Give the listing again, word for word, and let no picture into it.

======== Records to process ========

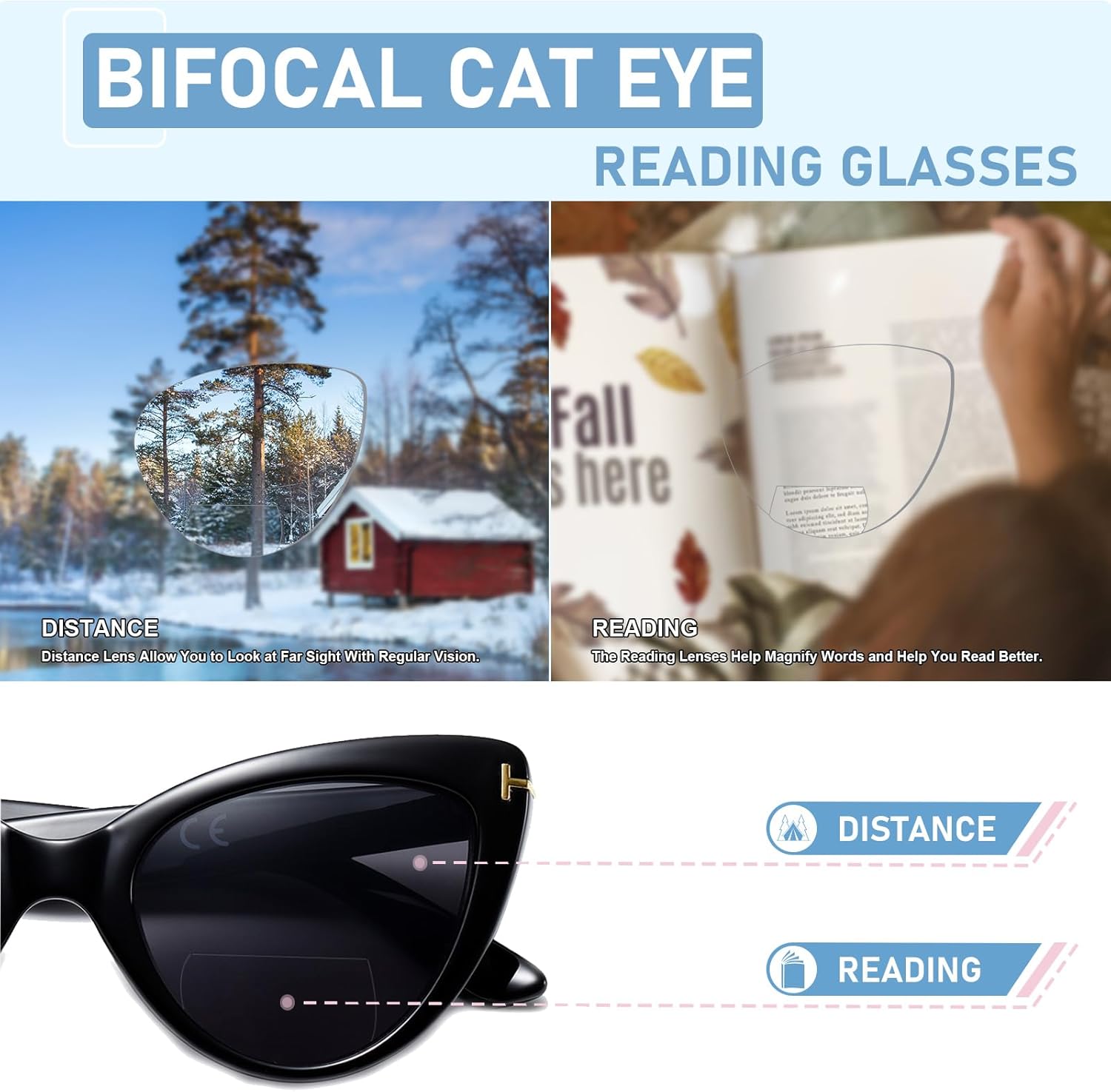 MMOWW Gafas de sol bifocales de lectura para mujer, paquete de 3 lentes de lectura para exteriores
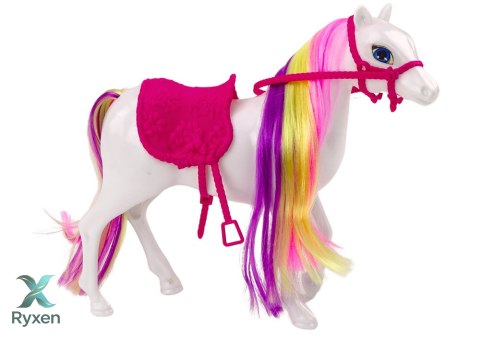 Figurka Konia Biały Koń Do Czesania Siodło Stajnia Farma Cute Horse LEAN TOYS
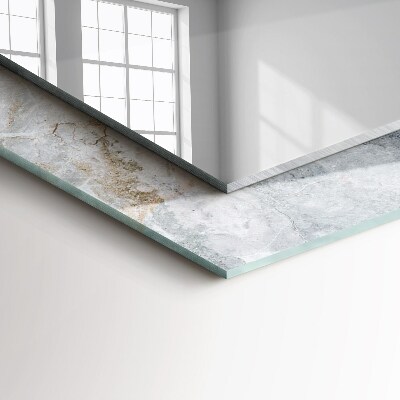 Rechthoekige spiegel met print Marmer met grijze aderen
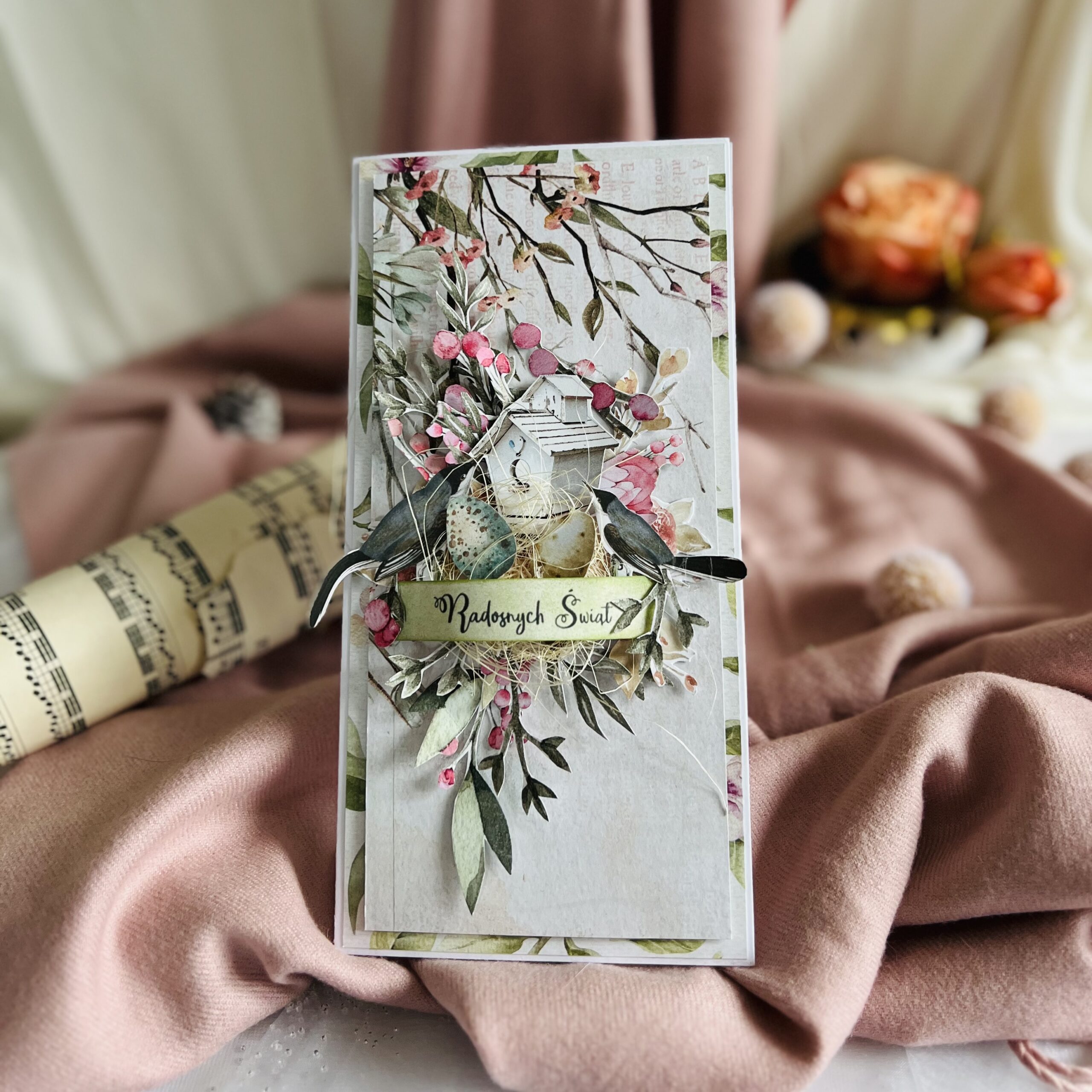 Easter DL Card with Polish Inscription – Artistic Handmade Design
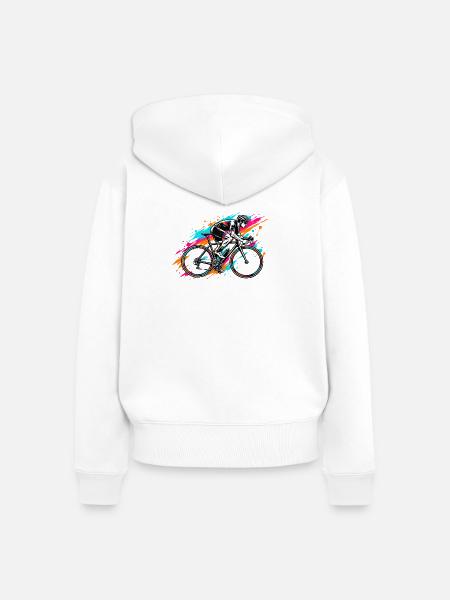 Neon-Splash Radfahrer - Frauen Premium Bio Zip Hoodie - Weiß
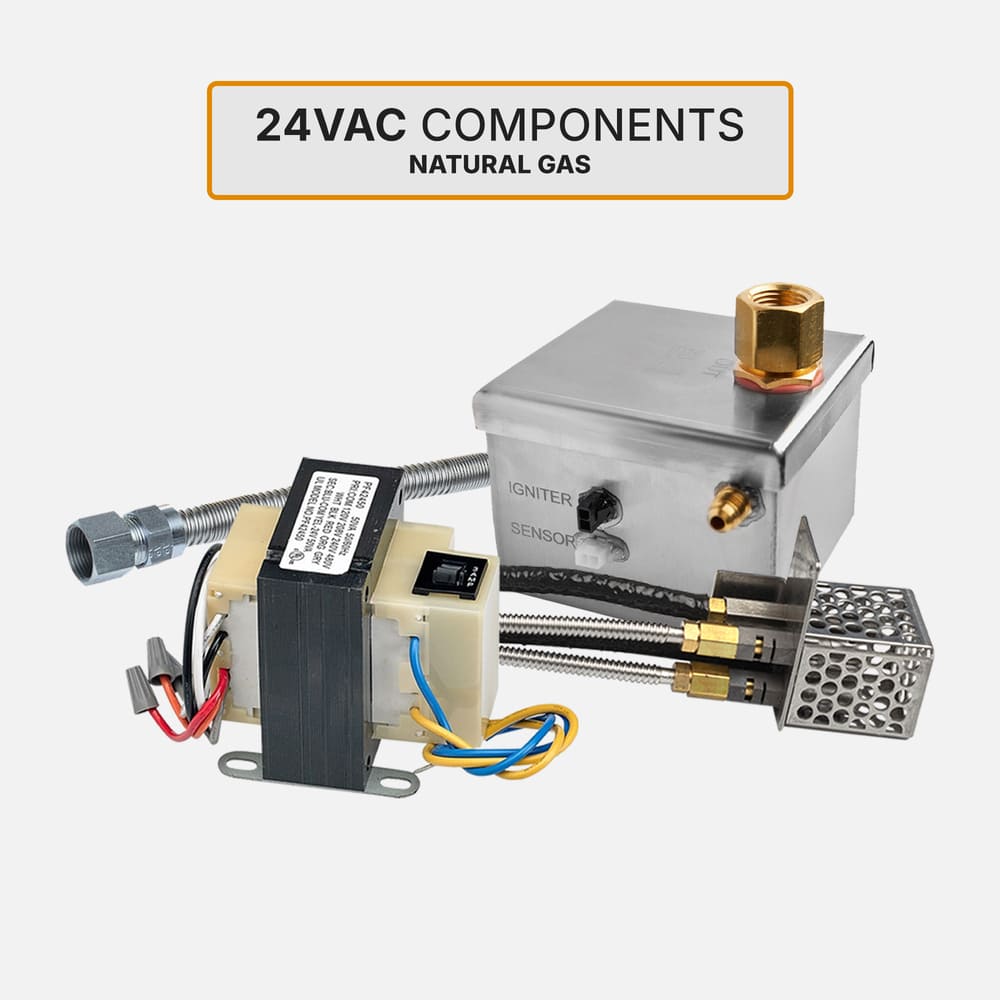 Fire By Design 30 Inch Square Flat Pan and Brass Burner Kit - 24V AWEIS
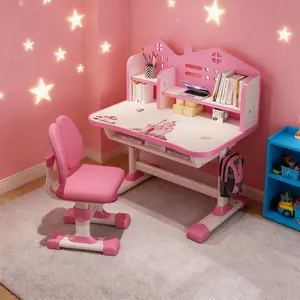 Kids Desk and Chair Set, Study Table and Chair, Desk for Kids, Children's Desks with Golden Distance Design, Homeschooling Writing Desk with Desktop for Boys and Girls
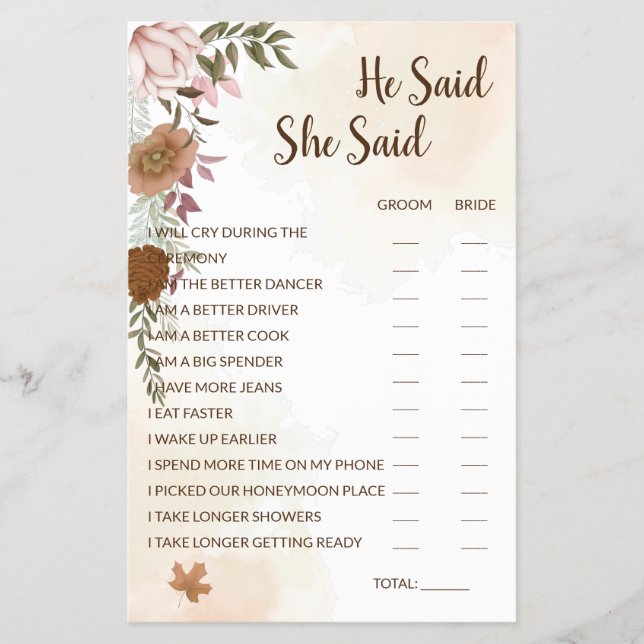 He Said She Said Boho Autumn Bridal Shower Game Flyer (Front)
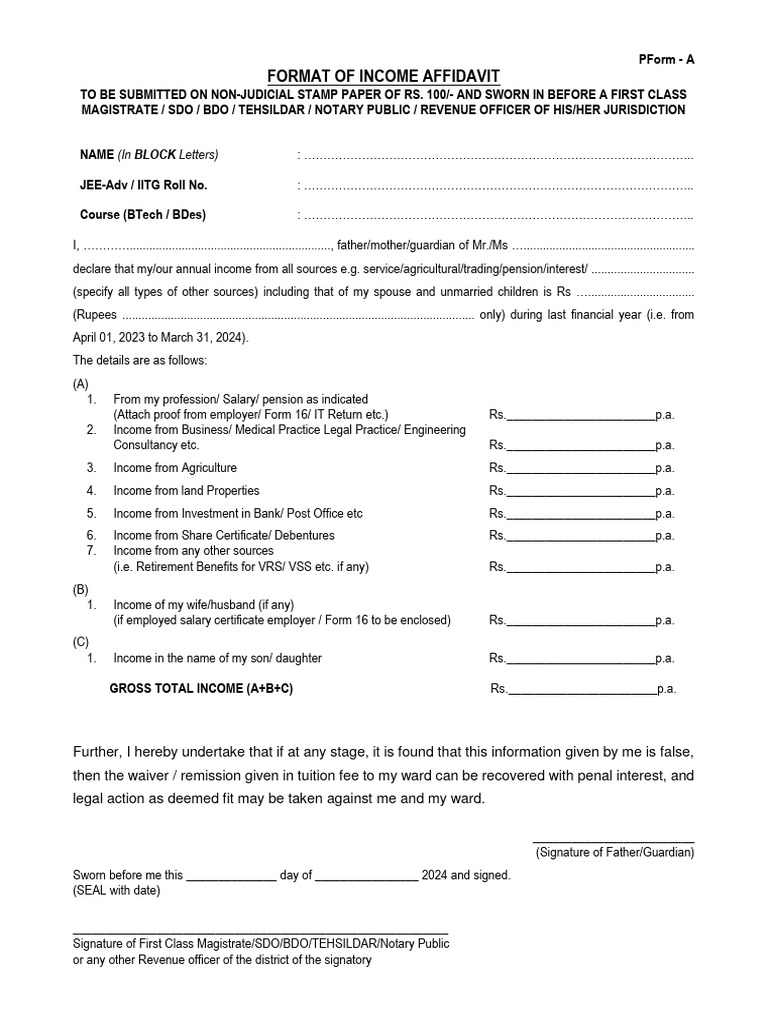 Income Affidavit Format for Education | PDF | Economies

========

Expected answer:
 MMOWW Gafas de sol bifocales de lectura para mujer, paquete de 3 lentes de lectura para exteriores
 Figurka Konia Biały Koń Do Czesania Siodło Stajnia Farma Cute Horse LEAN TOYS
 Rechthoekige spiegel met print Marmer met grijze aderen
 Easter DL Card with Polish Inscription – Artistic Handmade Design
 Neon-Splash Radfahrer - Frauen Premium Bio Zip Hoodie - Weiß
 Fire By Design 30 Inch Square Flat Pan and Brass Burner Kit - 24V AWEIS
 Kids Desk and Chair Set, Study Table and Chair, Desk for Kids, Children's Desks with Golden Distance Design, Homeschooling Writing Desk with Desktop for Boys and Girls
 He Said She Said Boho Autumn Bridal Shower Game Flyer (Front)
 Income Affidavit Format for Education | PDF | Economies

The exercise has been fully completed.